多くの企業が、閉塞感のある経済環境から抜け出すために、新たな成長の糧を模索しており、イノベーションが期待されている。一方、企業ITはこれまで業務の効率化や生産性の向上に寄与してきたものの、ビジネス・イノベーションを創造してきたとは必ずしもいえない。

今、期待されている
イノベーションとは

 世界経済の低迷や国内市場の飽和感など依然として経営の先行きは不透明な状況が続いている。このような経営環境において、これまでの延長線上の戦略では成長が見込めないという閉塞感、さらにはこのままでは生き残れないという危機感から、何らかのブレイクスルーを求める機運が高まっているといえよう。

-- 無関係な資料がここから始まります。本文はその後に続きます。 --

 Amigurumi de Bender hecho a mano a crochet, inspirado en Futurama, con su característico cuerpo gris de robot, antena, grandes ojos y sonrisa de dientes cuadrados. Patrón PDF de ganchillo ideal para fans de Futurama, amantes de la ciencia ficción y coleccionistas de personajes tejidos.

「イノベーション」という言葉は、イノベーション研究の始祖といわれるヨーゼフ・シュンペーターが1912年に用いて以来、経済学・経営学分野をはじめ社会科学的な用語として多用されてきた。その意味においては、特に目新しいものではないだろう。しかし、ここにきて昨今の経済環境を背景に、「イノベーション」が頻繁に語られるようになっている。

 イノベーションを「技術革新」と和訳することがあるが、イノベーションは科学技術分野における発明や発見だけを意味するのではなく、ビジネスや社会における新たな価値の創造を含んだ、より広範な概念として捉えるべきである。

 とりわけ、企業におけるイノベーションを論じるにあたっては、科学技術分野における発明や発見よりもむしろ、業務プロセス、組織、生産方式、販売手法といった非技術分野の変革に目を向けるべきである。

 イノベーションという言葉は、しばしば「過去の破壊」を想起させるが、イノベーションは必ずしもすべてを刷新するものではなく、「既存を一部代替する」あるいは「既存を補完する」というものも多く存在していることを付け加えておきたい。